The DMLBS project gratefully acknowledges the following for their generous financial support.

The British Academy was the founder of the DMLBS project and it was the sole or principal financial supporter of the entire project over many decades, until the late 1990s when most of its responsibilities for funding research were taken on by the Arts and Humanities Research Board. The Academy still continues to provide some small financial support to the project as well as its crucial practical and academic contribution to the project as the publisher of the Dictionary and through its committee which directs the project's work.

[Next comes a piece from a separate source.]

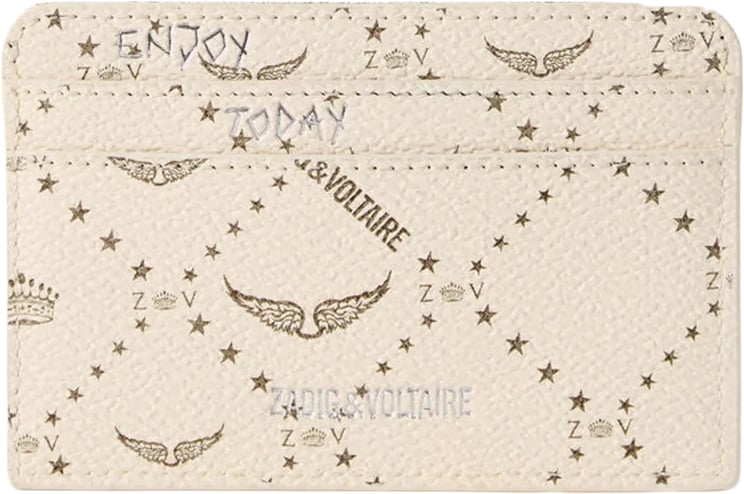 Zadig et Voltaire Wallets Avorio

The Arts and Humanities Research Council and its predecessor the Arts and Humanities Research Board have provided the core funding for DMLBS for many years, in succession to the British Academy. In the last ten years grants totalling more than £2.1m have been awarded to the project, the most recent of which was for almost £0.5m for the period October 2011 to February 2014.

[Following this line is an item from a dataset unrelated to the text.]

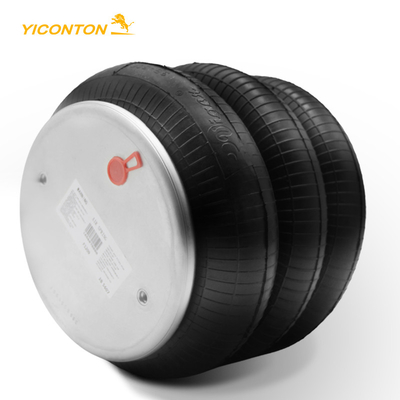 Triple Convoluted Rubber Air Spring Untuk Trailer 1003588010C Sc2119 578933100 3B12-301 FT330-29432 W01-358-801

The AHRC is a publicly funded UK NGO which promotes and supports research and postgraduate study in the arts and humanities. The range of research supported by this investment of public funds not only provides social and cultural benefits but also contributes to the economic success of the UK.

The Packard Humanities Institute has supported the DMLBS financially since 2003 with grants totalling over £1.6m (to February 2014) to fund additional assistant editors and enable the project to undertake the work needed for the production of an electronic dictionary.

The PHI is a not-for-profit foundation established in 1987 with an endowment from the David and Lucile Packard Foundation (from which it is now wholly independent) to create tools for basic research in the humanities and to foster public interest in the history, literature, and music of the past. It is particularly noted for its support of the digital humanities and the development of electronic resources for Latin and Greek.

The John Fell OUP Research Fund has awarded two grants to the project (in 2010 and 2011) that have enabled the project to increase significantly the rate of publication of the drafted material.